# Data Acquisition via API Calls (NewsAPI)

---

## Phase 1: Setup and Security

### Install Dependencies

In [None]:
# Install the necessary library for loading environment variables (like API keys)
!pip install python-dotenv

print("Dependencies installed successfully.")

### Import Modules
Import all necessary Python libraries. Note that `requests` is the primary tool for submitting HTTP requests.

In [None]:
import numpy as np
import pandas as pd
import os
import requests
import json
import dotenv
from datetime import datetime

print("Modules imported.")

### Load Environment Variables
This loads your `.env` file, which is crucial for securely handling your NewsAPI key without exposing it in the notebook.

In [None]:
# Load the .env file to access environment variables (e.g., your API Key)
dotenv.load_dotenv()

print("Environment variables loaded.")

### Retrieve API Key
We access the stored API key using os.getenv().

In [None]:
# Get the News API key from the environment variables
newskey = os.getenv('newskey')

# We won't print the key, but we confirm it's loaded (e.g., by checking its length)
if newskey:
    print("News API key successfully retrieved.")
else:
    print("ERROR: News API key not found. Check your .env file.")

---

## Phase 2: Building the API Request Components
An HTTP request requires four main components: URL root, endpoint, headers (for security/metadata), and parameters (the query).

### Build User Agent Header
Many APIs require a User-agent to identify the client application. We use httpbin.org to dynamically grab a standard User-agent string.

In [None]:
# 1. Get a standard User-agent string
r = requests.get('https://httpbin.org/user-agent')
useragent = json.loads(r.text)['user-agent']

# 2. Build the full headers dictionary
# The API key is sent via the 'X-Api-Key' header, a common secure method.
headers = {'User-agent': useragent,
           'X-Api-Key': newskey}

print(f"User-agent: {useragent}")
print("Headers dictionary created, containing the API key.")

### Define URL Root and Endpoint
This defines the fixed address for the NewsAPI service we want to use.

In [None]:
# Define the fixed URL parts
root = 'https://newsapi.org'
endpoint = '/v2/everything' # This endpoint searches all articles

print(f"API Base URL: {root + endpoint}")

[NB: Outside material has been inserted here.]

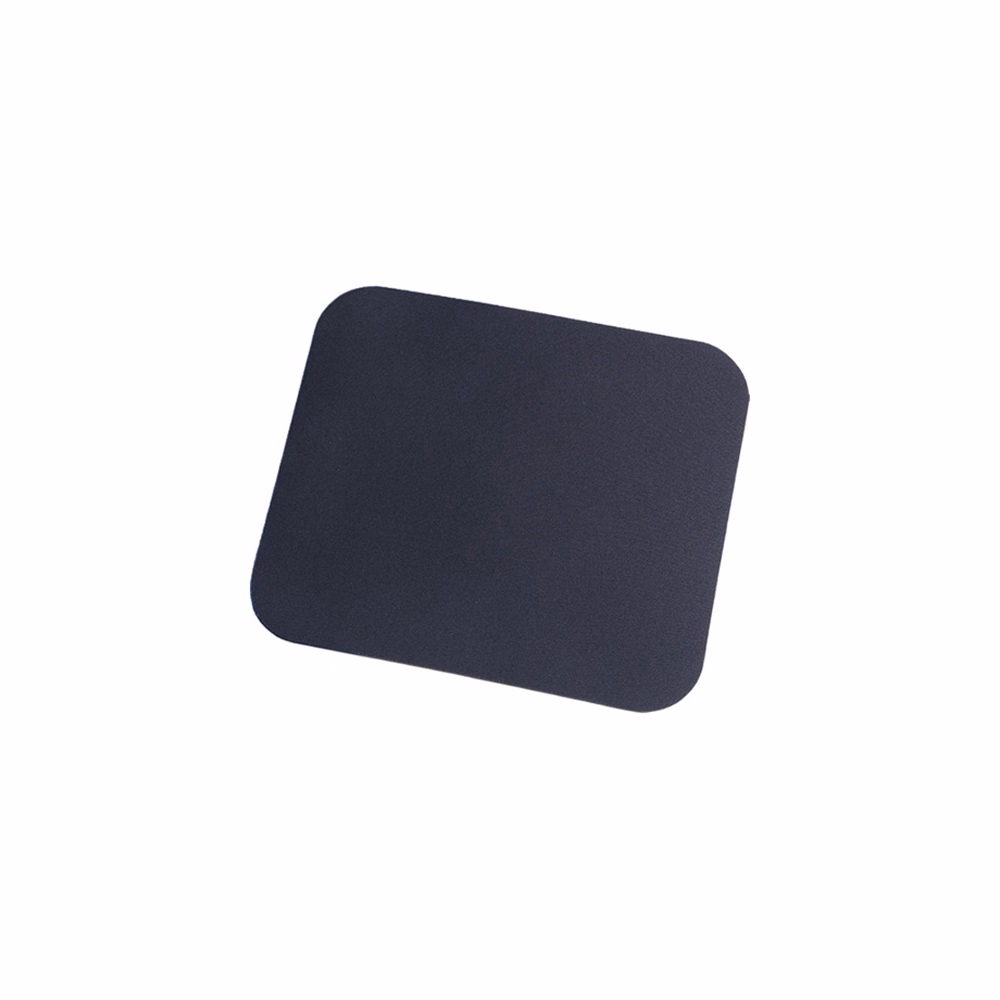 Egéralátét textil LOGILINK ID0096 250x220mm fekete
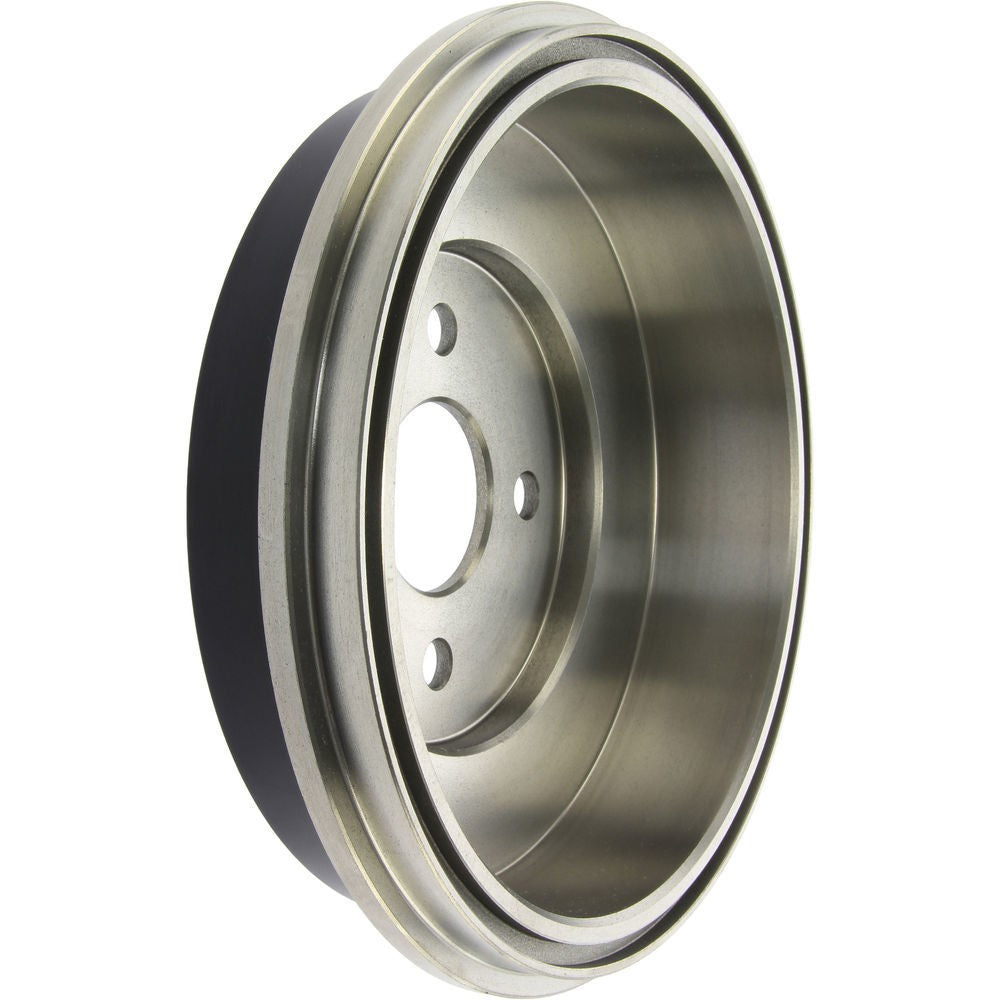Rr Brake Drum  Centric Parts  122.62038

### Define Query Parameters
Parameters are used to customize the search (e.g., topic, language, date).

In [None]:
# Define the search parameters as a Python dictionary
params = {'q': '"tallest mountain"',  # Topic to search for (using quotes for exact phrase)
         'searchIn': 'content',      # Search within the article content
         'language': 'en',           # Restrict to English articles
         'pageSize': 100}            # Request up to 100 articles

print("Query parameters defined:")
print(params)

---

## Phase 3: API Execution and Parsing

### Submit the GET Request
This cell sends the request and checks the response status. A `<Response [200]>` indicates success.

In [None]:
# Combine the components and submit the GET request
r = requests.get(root + endpoint,
                headers = headers,
                params = params)

# Display the response object (it should show <Response [200]>)
print(f"Request submitted. Status: {r}")

### Parse the JSON Response
The response (`r.text`) is a single string containing the JSON data. We use `json.loads()` to convert this string into a usable Python dictionary.

In [None]:
# Convert the JSON response string into a Python dictionary
myjson = json.loads(r.text)

print(f"JSON response converted to a Python dictionary (Type: {type(myjson)})")
print("Top-level keys in the response:")
print(list(myjson.keys()))

### View Raw JSON Data Structure (Optional)
This cell is often left commented out to avoid printing a massive wall of text but serves as a way to inspect the data structure.

In [None]:
# Uncomment this line to inspect the full structure of the JSON dictionary
# print(json.dumps(myjson, indent=4))

### Normalize JSON to DataFrame
The key data is nested under the articles key. Pandas’ json_normalize() function flattens this nested data into a clean, tabular DataFrame.

In [None]:
# Use json_normalize to extract the list of article dictionaries ('articles')
news_df = pd.json_normalize(myjson, record_path = ['articles'])

print(f"DataFrame created with {len(news_df)} articles.")
print("First 5 rows of the DataFrame:")
display(news_df.head())

---

## Phase 4: Data Analysis and Export

### Clean and Prepare for Export
Perform a final step to ensure the data is properly formatted before saving.

In [None]:
# Clean up the publishedAt column (convert to datetime)
news_df['publishedAt'] = pd.to_datetime(news_df['publishedAt'])

# Select a final set of columns for the CSV
final_df = news_df[['publishedAt', 'title', 'description', 'url', 'source.name', 'author']].copy()

print("DataFrame prepared for export.")

### Export to CSV
This is the final Load (L) phase of the data acquisition process.

In [None]:
# Define a filename based on the current date for organization
timestamp = datetime.now().strftime("%Y%m%d_%H%M%S")
output_filename = f'news_articles_{timestamp}.csv'

# Export the final clean DataFrame to a CSV file
final_df.to_csv(output_filename, index=False)

print(f"Successfully exported {len(final_df)} articles to {output_filename}")

---

## Function Definition (Optional Consolidation)
This final cell provides the consolidation of all steps into a single, reusable function—demonstrating how a script would execute the entire API call process.

In [None]:
def grab_latest_articles():
    """
    Consolidates all steps: builds request, calls API, parses JSON, and returns a DataFrame.
    """
    
    # Prompt the user
    topic = input("Please enter your topic of interest: ")
    
    # Build our Headers
    newskey = os.getenv('newskey')
    r = requests.get('https://httpbin.org/user-agent')
    useragent = json.loads(r.text)['user-agent']
    headers = {'User-agent': useragent,
               'X-Api-Key': newskey}

    # Build our URL and Parameters
    root = 'https://newsapi.org'
    endpoint = '/v2/everything'
    params = {'q': topic,
              'searchIn': 'content',
              'language': 'en',
              'pageSize': 100}
    
    # Submit our Request
    r = requests.get(root + endpoint,
                headers = headers,
                params = params)
    
    # Create and return the pandas dataframe
    myjson = json.loads(r.text)
    news_df = pd.json_normalize(myjson, record_path = ['articles'])
    
    return news_df

In [None]:
grab_latest_articles()